Because I am white and from the permanent underclass, I have no language
available to me that would include my experiences in the mainstream
social justice conversation -- unless the only people who treated me
unfairly were *male*. But where is the language to describe the
experiences of being oppressed and discriminated against by other
women -- not just men -- who were (or are) middle/upper-middle class?

Very few people in the professional upper-middle class (who are really
economically in the top 10% of the population) have been genuinely
sympathetic to the special problems and extra oppression that women like
me face every single day of our lives. Of the very few who might
occasionally show some small inkling of sympathy, it is usually not
genuine and it usually only happens if poor women's voices can be used
by privileged women as part of promoting their own agenda -- which is not
about empowering the poorest and most marginalized women from the
permanent underclass who need opportunities the most.

I'll never forget being outted on Twitter as a human trafficking
survivor by one IT feminist who claimed to be in my corner (but whose
track record of empty promises and failure/neglect to provide any help
so I could succeed says otherwise). She outted me on her page, which has
a lot of followers in the IT community including potential employers, by
tagging me so I could back her up and give credibility/legitimacy to her
claim in a Twitter fight she was having with some rich white dude and
needed my voice to win their little debate. Not really a cool thing to
do, but whatever.

The very next day on a different Twitter discussion thread about poverty
and classism as a barrier of entry into tech that was started by a woman
with middle class privilege who wanted to write an article about it and
was seeking input, I spoke up and told what happened to me and how I was
treated for being a poor, marginalized human trafficking survivor that
never got a chance in life to have any job -- only to be bullied into
taking down my Tweet by the same privileged IT feminist (and her current
boyfriend and her ex-boyfriend) who outted me as a trafficking survivor
in order to use me to give her credibility in her Twitter fight the
previous day because my Tweet made her "look bad" because it "alienates"
the rich women in tech whom are funding her startup, rich women like the
one who targeted and bullied me and kicked me out of a class.

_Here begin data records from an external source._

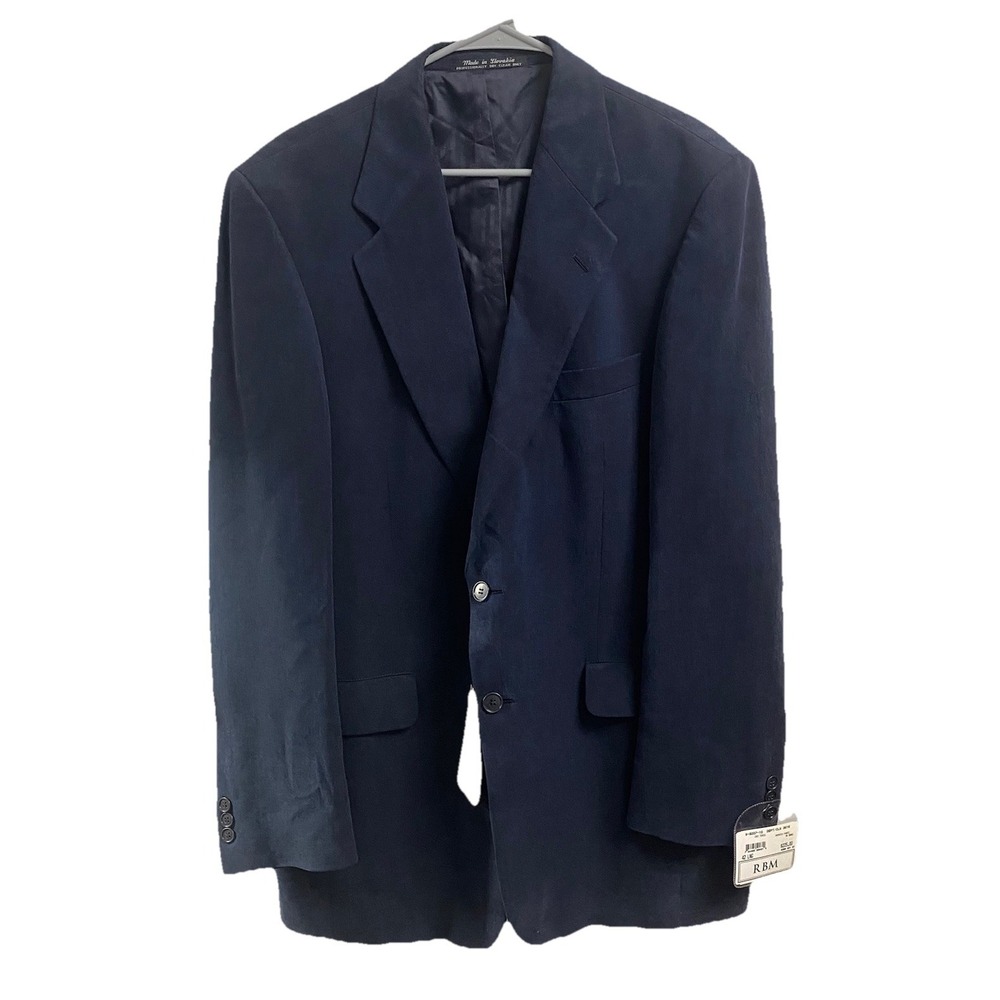 RBM Collection Men's Blazer  Suit Jacket Navy Blue 100% Tencel Soft 42L NWT $225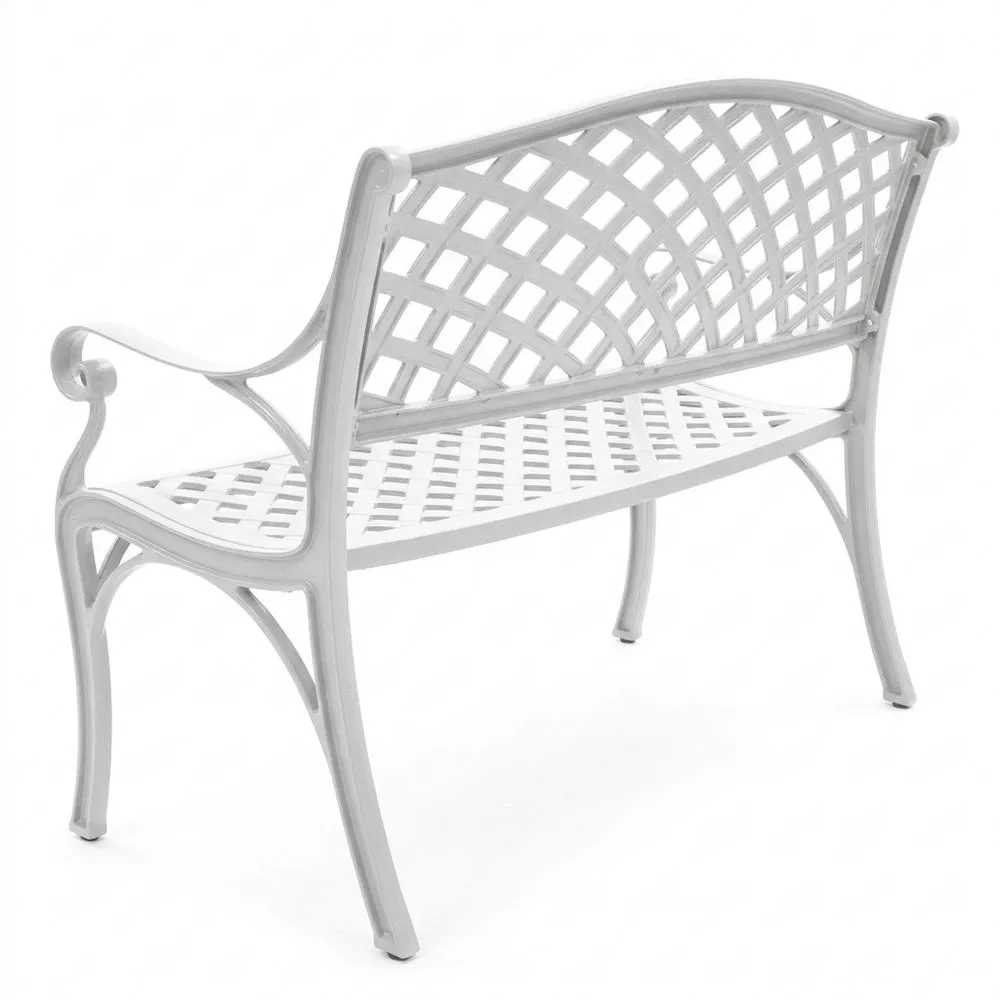 Wetterfeste Gartenbank aus Aluguss für 2 Personen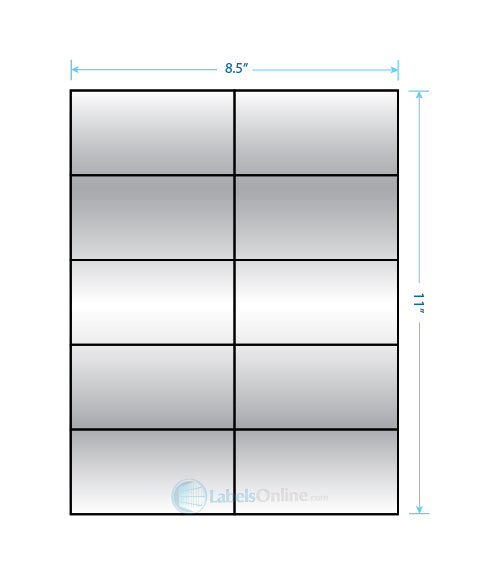 4.25" x 2.2" - 10 up - Silver Foil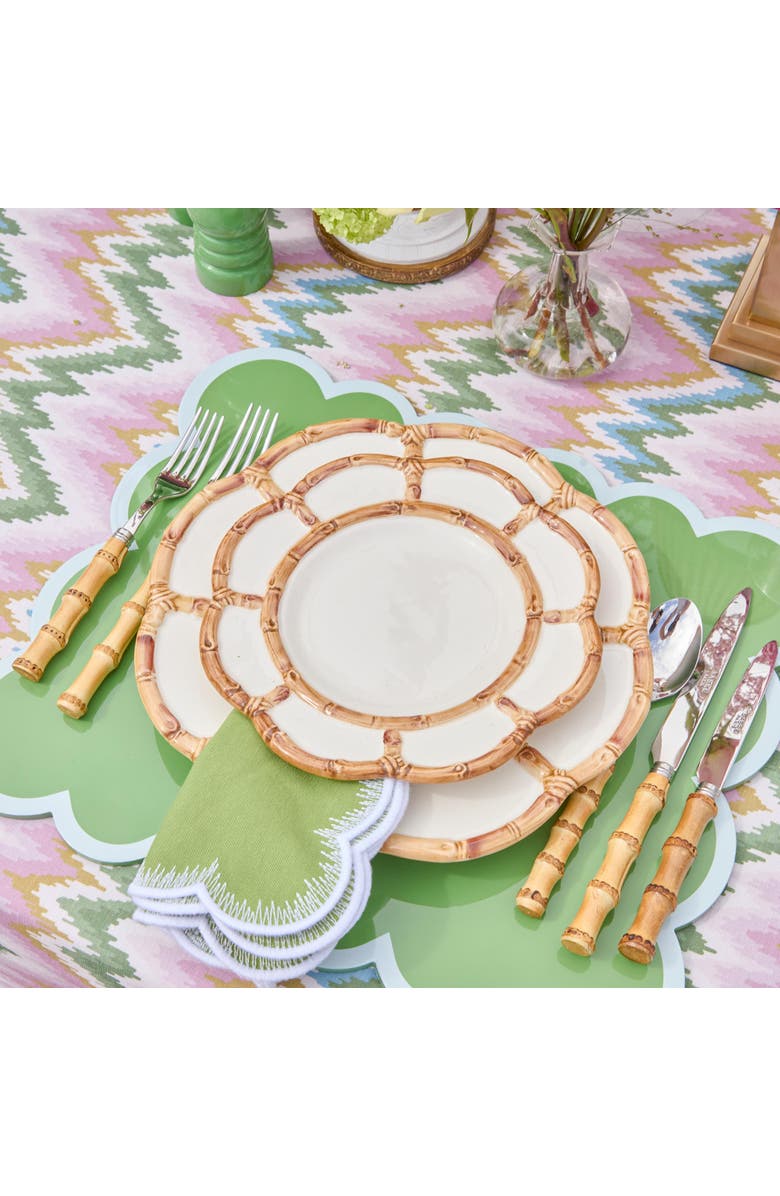 Mrs. Alice Petal Wooden Ceramic Dinner Plate, Alternate, color, Neutral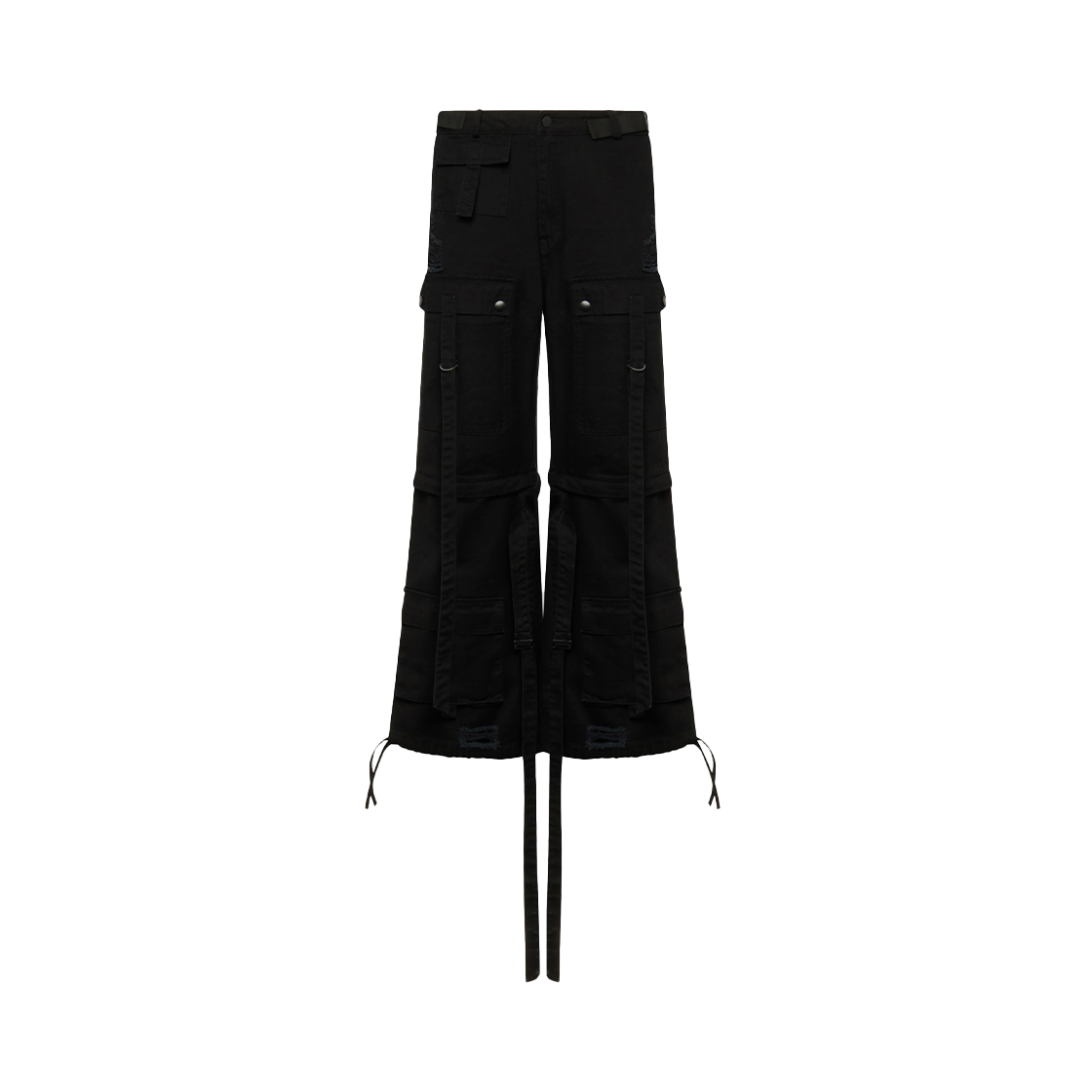 KM5BPALKK10BK Kusikohc Straps Cargo Pants Black - 25SS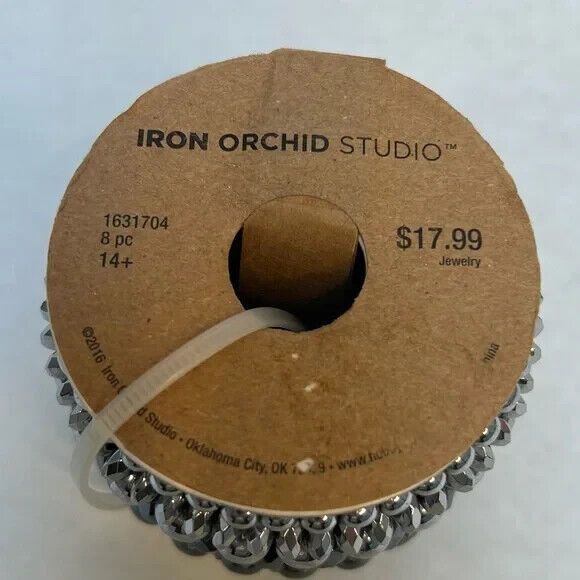 Iron Orchid Studio NWT 8 Black and Silver Stackable Metallic Stretchy‎ Bracelets - Picture 2 of 2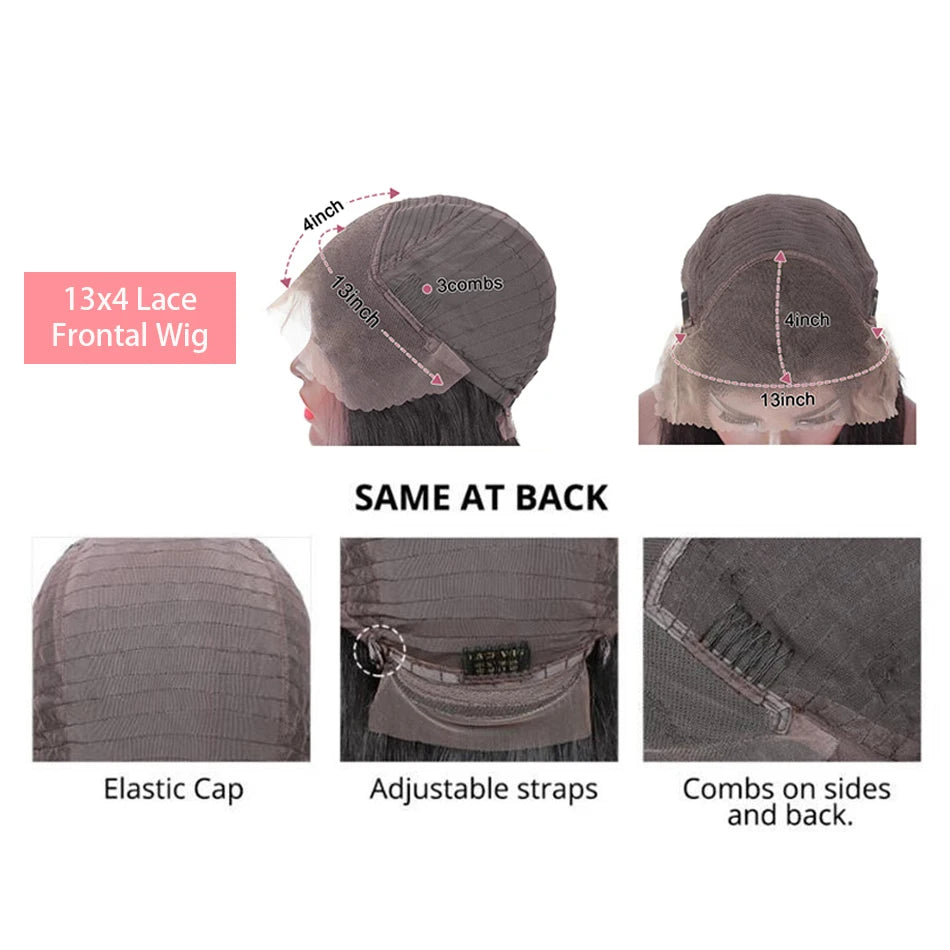 200% 99J Burgundy Short Bob Hair Wig 13x4 Lace Front Wig Human Hair Red Colored Deep Water Wave Lace Frontal Wig 100% Human Hair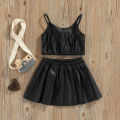 (New) kids girls casual suit solid color sleepveless sling tops button pleated short skirt, black. 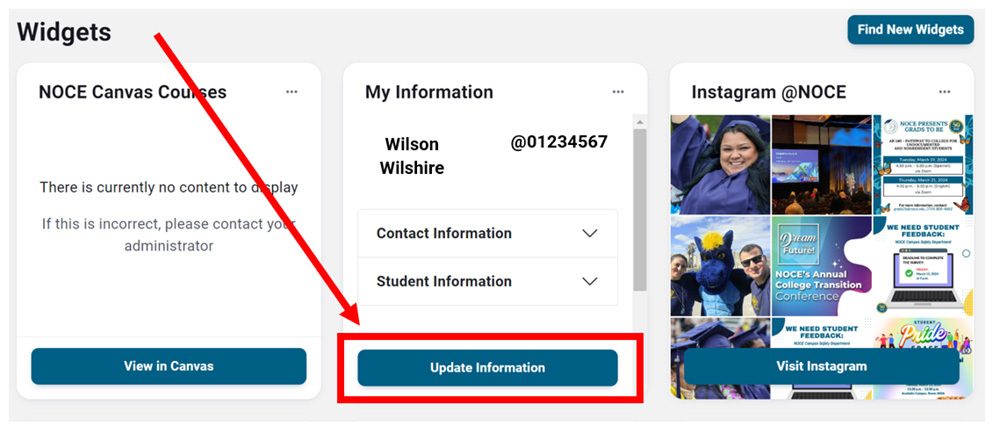 Una captura de pantalla de su página de inicio de myGateway con el cuadro del widget "Mi información" en el centro de la página. Una flecha roja que apunta al botón Actualizar información.
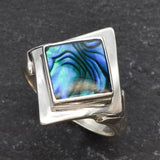 Square Abalone Ring, Natural Mother of Pearl, Shell Ring, Lozenge Ring, Statement Bezel Ring, Vintage Ring, Unique Stone Ring, Solid Silver
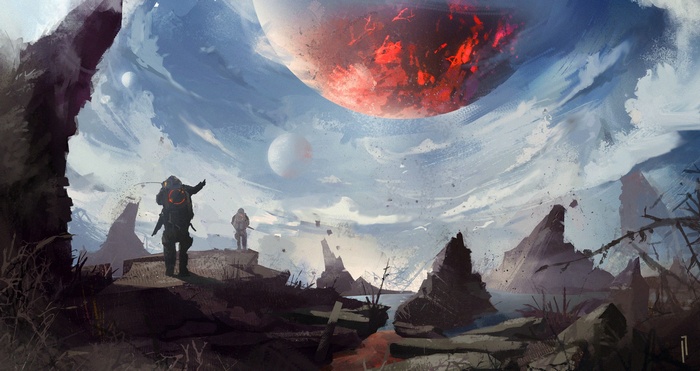 Futuristic landscape with astronauts and planets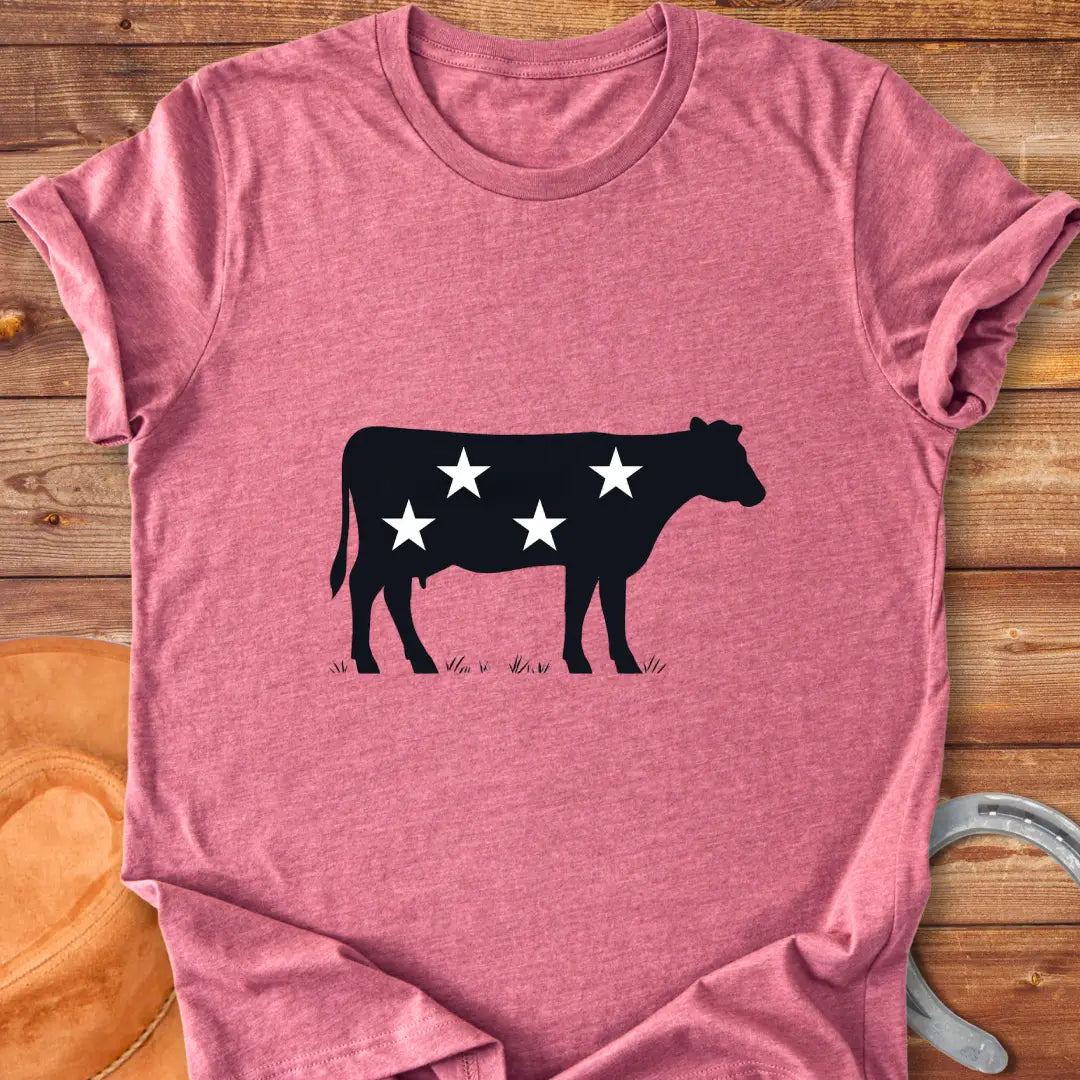 Star-spangled cow silhouette t-shirt design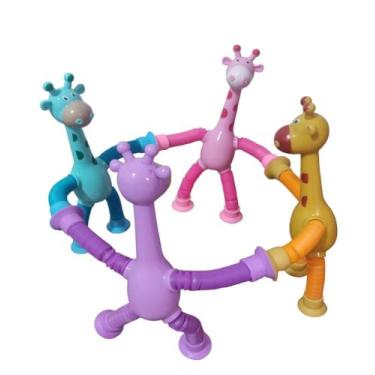 Imagem de Kit 4 Girafas Pop It Tubo Estica e Gruda Led Brinquedo Anti Estresse P
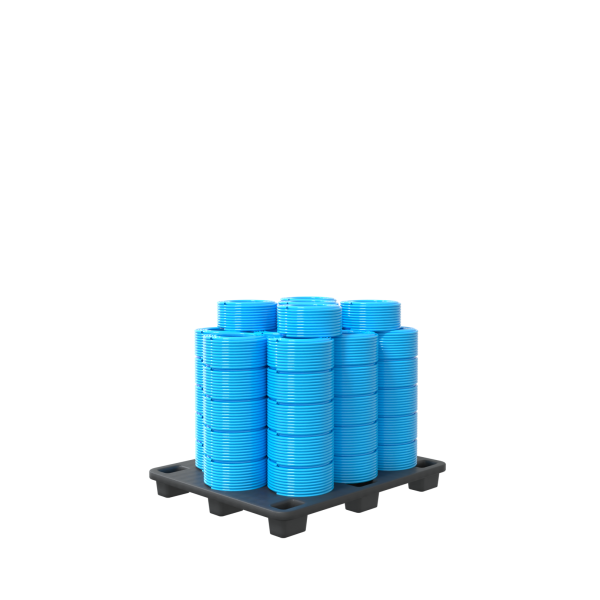 A black pallet holds multiple stacks of 50 x Electric Blue Griflex Premium Hose 6.3mm x 100M, typically used in van-mounted pure water window cleaning systems, neatly arranged against a plain white background.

If my speaking up about the barriers to entry I face due to classism and
poverty as a disadvantaged trafficking survivor was something that "made
her look bad" posed the risk of alienating venture capitalists and angel
investors whom she's been getting funding from for her startup, then why
wasn't it risky for her to publicly pull me into a Twitter debate to
support her with my real lived experience in her sparring match with
some guy?

NOTE: This same IT feminist also previously ran around telling everyone
she was my mentor/teacher, yet she left me hanging without any help with
a trashed dev environment that occurred as a result of trying to get my
dev environment set up for PHP, vagrant, Nginx, and the PhPStorm IDE per
her instructions for working with her on a legacy PHP Cake project. I
was completely stuck and unable to fix my computer all by myself for
over a week and a half. She ignored my repeated pleas for help. If not
for a Facebook friend who has extensive sysadmin experience spending 5
hours helping me to fix it through TeamViewer, I would have been totally
screwed because I don't have anyone I can reach out to for help with
that whom I can count on.

I was told by another party to that Twitter conversation that the reason
my voice as a poor woman was censored on that Twitter discussion about
poverty and class oppression (dominated, ironically, by upper-middle
class women with good jobs and nice lives): The truth made privileged
rich women who are investors/venture capitalists "uncomfortable", which
made the female-only dev groups "look bad."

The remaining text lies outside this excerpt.